Task description: Return the listing in full and exactly, but without a single picture.

Data below:

--- START ---

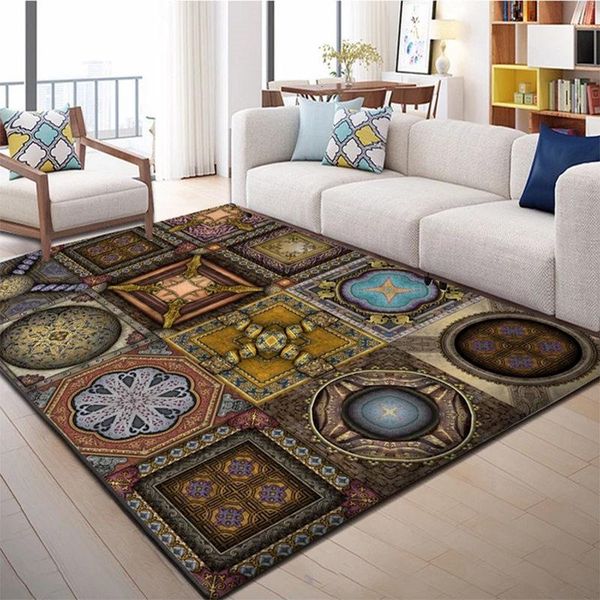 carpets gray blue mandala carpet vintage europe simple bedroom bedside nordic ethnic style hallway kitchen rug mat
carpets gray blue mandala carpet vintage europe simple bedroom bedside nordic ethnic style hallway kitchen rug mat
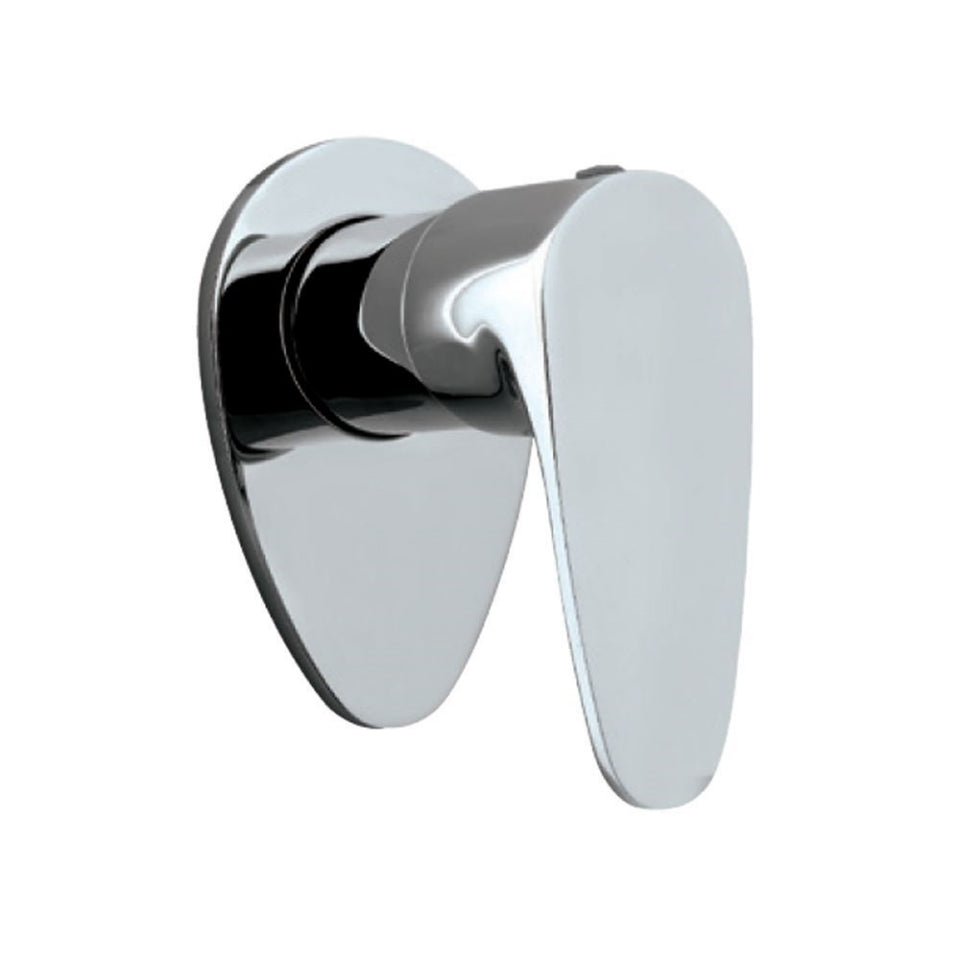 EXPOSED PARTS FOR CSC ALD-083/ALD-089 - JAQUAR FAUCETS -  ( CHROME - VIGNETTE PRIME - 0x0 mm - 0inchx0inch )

--- END ---

Exercise response:
 carpets gray blue mandala carpet vintage europe simple bedroom bedside nordic ethnic style hallway kitchen rug mat
carpets gray blue mandala carpet vintage europe simple bedroom bedside nordic ethnic style hallway kitchen rug mat
 EXPOSED PARTS FOR CSC ALD-083/ALD-089 - JAQUAR FAUCETS -  ( CHROME - VIGNETTE PRIME - 0x0 mm - 0inchx0inch )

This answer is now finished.